Brookfield owns and operates 19,300 megawatts of renewable energy assets across hydroelectric, wind, solar, and storage assets across four continents. Brookfield’s management is highly regarded and has positioned the portfolio to be extremely resilient to economic downturns or disruption. Last quarter, adjusted funds from operations grew 18.7% even despite the pandemic. Over the long-term, Brookfield Renewable expects to grow its payout between 5% and 9%, with an average of 6% over the past 20 years.
That growth should continue. In the second-quarter letter to shareholders, CEO Sachin Shah wrote, “We believe that we have established ourselves as one of the few entities with the scale, track record and global capabilities to partner with governments and businesses to help them achieve their goal of greening the global electricity grids, while earning a strong return for our investors.”

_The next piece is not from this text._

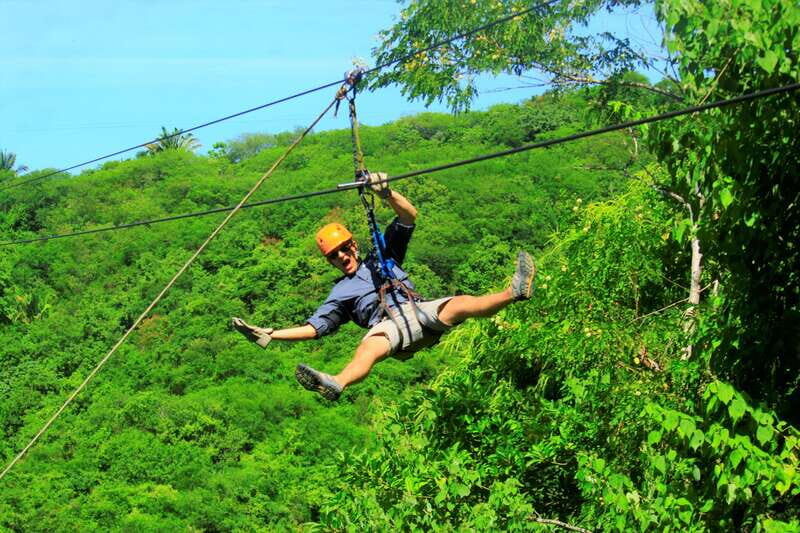 Sayulita/Punta Mita: Zip Lines with Ocean View - Practical Details and Value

Shah is especially bullish on the company’s solar business. While solar is Brookfield’s smallest segment today, it should grow by leaps and bounds over the coming years and decades as the cost of solar continues to decline. The company already has 10,000 MW of solar in its development pipeline versus just 3,000 MW in operations today. Shah believes that one day, solar could eclipse hydroelectric as the biggest overall contributor to the portfolio.
Basically, the future of electric power generation is in renewables, and Brookfield is one of the largest and best-regarded operators of such assets. As such, this combination of safety, yield, and growth make it a dividend stock to buy and own for the long term.